:: DATA SUPPLIED ::

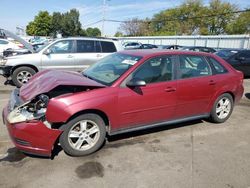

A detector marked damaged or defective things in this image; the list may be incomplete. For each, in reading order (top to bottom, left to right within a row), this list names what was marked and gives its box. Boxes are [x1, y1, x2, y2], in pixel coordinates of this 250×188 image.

crumpled hood [20, 69, 105, 101]
broken headlight [7, 94, 49, 124]
damaged front bumper [2, 89, 62, 156]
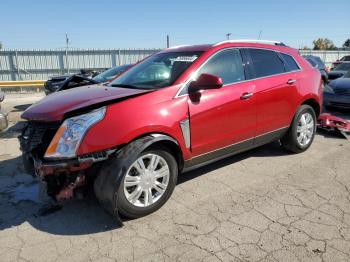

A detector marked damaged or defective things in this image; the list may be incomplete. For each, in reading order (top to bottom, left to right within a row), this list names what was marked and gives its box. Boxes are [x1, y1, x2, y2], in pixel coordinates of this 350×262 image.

broken headlight [43, 107, 105, 160]
crumpled hood [21, 85, 151, 122]
wrecked vehicle [45, 65, 133, 94]
wrecked vehicle [19, 39, 322, 219]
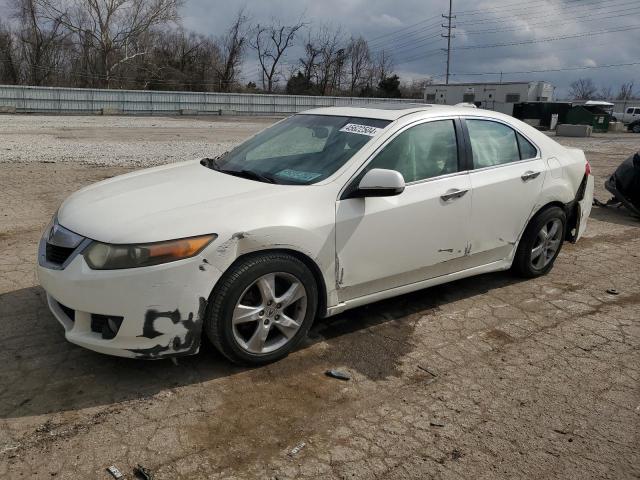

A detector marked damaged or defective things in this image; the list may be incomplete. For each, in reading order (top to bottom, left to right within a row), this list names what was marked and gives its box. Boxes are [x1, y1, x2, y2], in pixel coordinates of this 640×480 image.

damaged front bumper [37, 249, 224, 358]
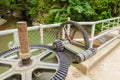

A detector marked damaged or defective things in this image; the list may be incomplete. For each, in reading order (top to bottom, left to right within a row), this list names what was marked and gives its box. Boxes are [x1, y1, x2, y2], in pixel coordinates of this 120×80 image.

rusty mechanism [0, 20, 95, 79]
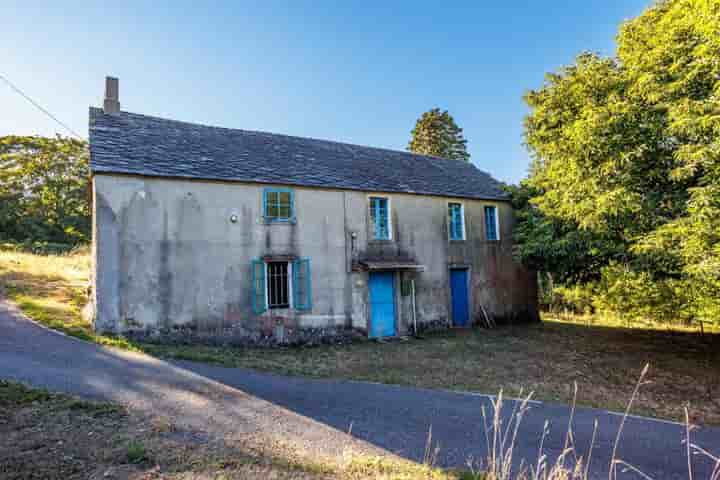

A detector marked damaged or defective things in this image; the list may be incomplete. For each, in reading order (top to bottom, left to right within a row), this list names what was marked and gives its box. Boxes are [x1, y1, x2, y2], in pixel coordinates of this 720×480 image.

peeling plaster wall [93, 174, 536, 340]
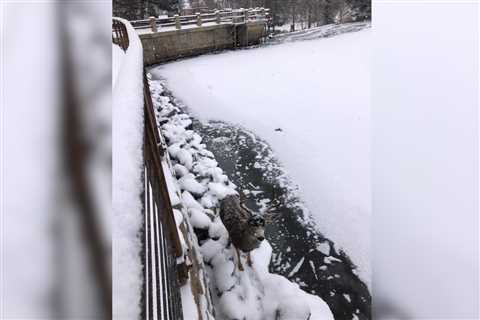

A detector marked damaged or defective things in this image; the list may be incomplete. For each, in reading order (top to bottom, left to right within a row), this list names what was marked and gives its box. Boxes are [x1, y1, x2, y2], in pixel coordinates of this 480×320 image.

rusty metal fence [112, 18, 186, 320]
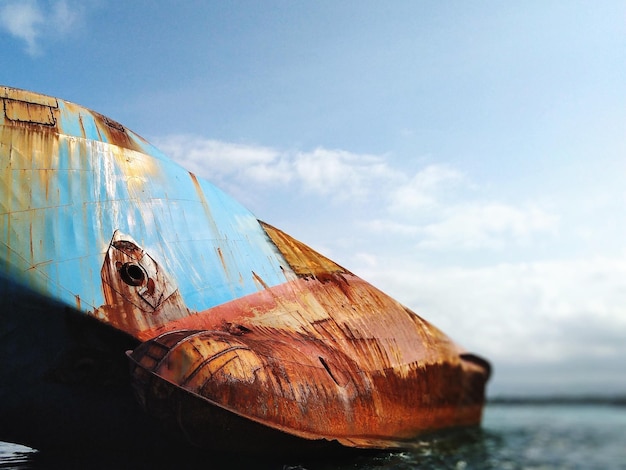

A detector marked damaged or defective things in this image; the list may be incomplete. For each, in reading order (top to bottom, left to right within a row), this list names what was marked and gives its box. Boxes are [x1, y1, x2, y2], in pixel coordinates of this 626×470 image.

rusty metal hull [0, 86, 488, 454]
corroded metal surface [0, 86, 488, 454]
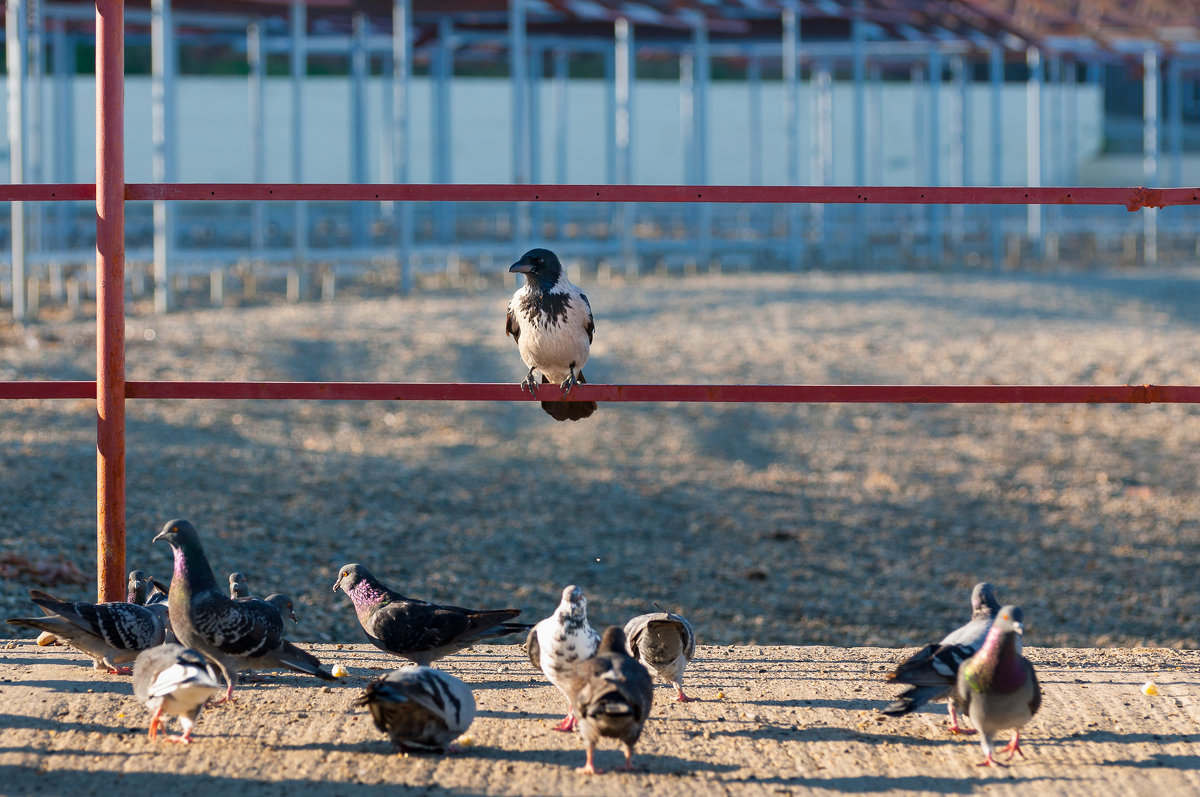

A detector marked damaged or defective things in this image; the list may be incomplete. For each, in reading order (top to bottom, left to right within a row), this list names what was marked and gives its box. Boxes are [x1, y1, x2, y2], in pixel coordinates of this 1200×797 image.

rusty red post [94, 0, 124, 600]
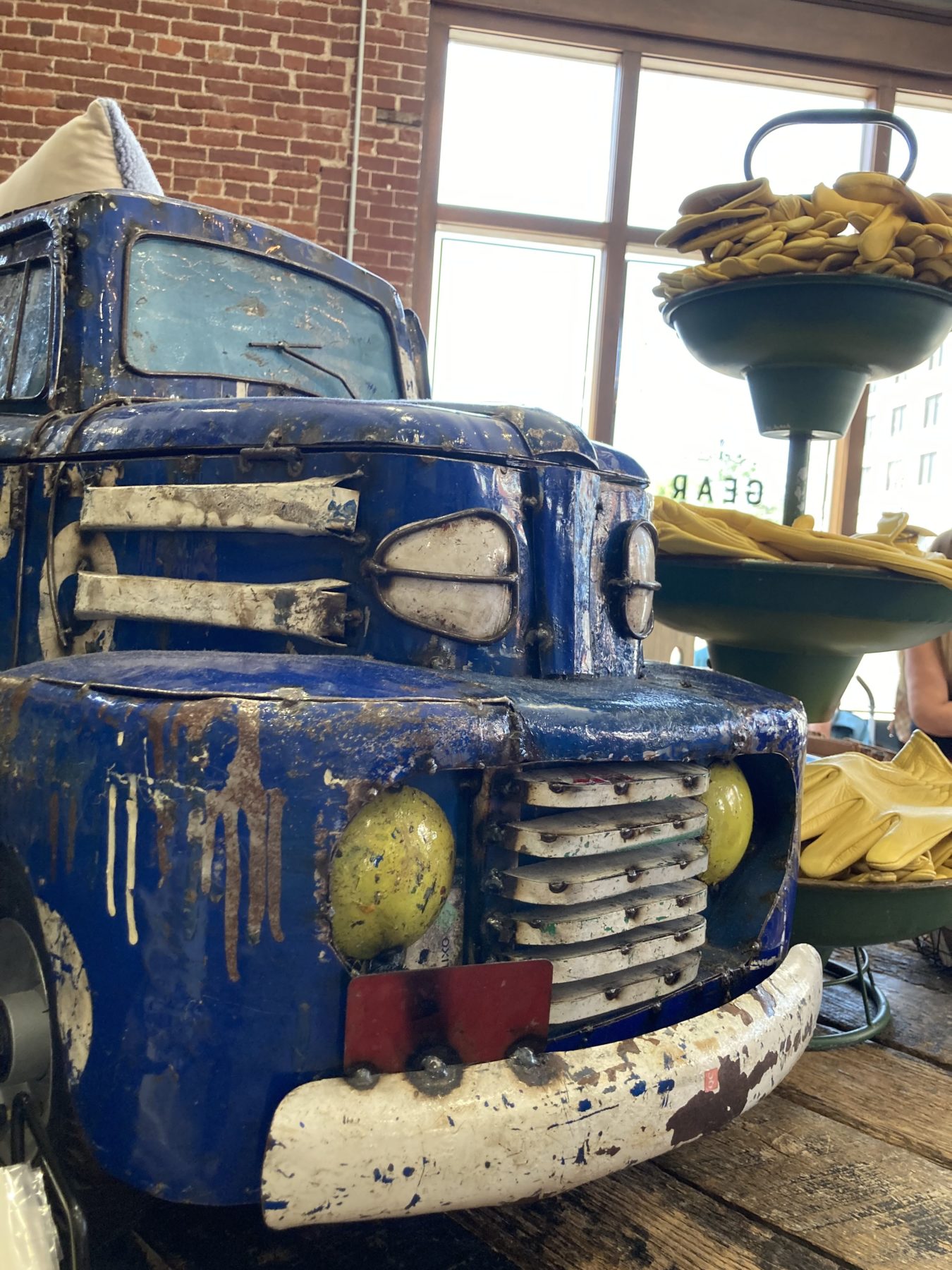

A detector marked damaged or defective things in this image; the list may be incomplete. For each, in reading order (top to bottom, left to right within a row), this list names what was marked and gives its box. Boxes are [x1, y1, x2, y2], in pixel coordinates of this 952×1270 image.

:::

*EXERCISE PROMPT*. Start at the line holding "this 480×320 image." and stop at the last line of the entries above. Repeat those lines exactly, pictures excluded.

*EXPECTED ANSWER*.
A detector marked damaged or defective things in this image; the list may be incomplete. For each, in reading order (top to bottom, left to right within a row), this list names what was marked and gives its box. Boxes are [x1, y1, x2, y2], in pixel coordinates of this 480×320 image.

rusty metal fence [112, 18, 186, 320]

A detector marked damaged or defective things in this image; the list may be incomplete. For each, in reading order (top to bottom, left to right within a row), this list names what was marked and gives its box. Boxes are [x1, y1, x2, y2], in pixel coordinates of this 626×470 image.

rusty metal hull [0, 86, 488, 454]
corroded metal surface [0, 86, 488, 454]

A detector marked damaged or defective things in this image; the list may be incomplete. For each, in reading order (top to bottom, left to right within a row), this list names what was marked and gives its box. Boxes are [x1, y1, x2, y2], in pixel coordinates of this 1200×797 image.

rusty red post [94, 0, 124, 600]

A detector marked damaged or defective things in this image; the list may be incomplete. For each, in reading order (top to bottom, left to right within a row), this list names what was marked and gives its box. Boxes are [x1, y1, x2, y2], in pixel coordinates of this 952×1270 image.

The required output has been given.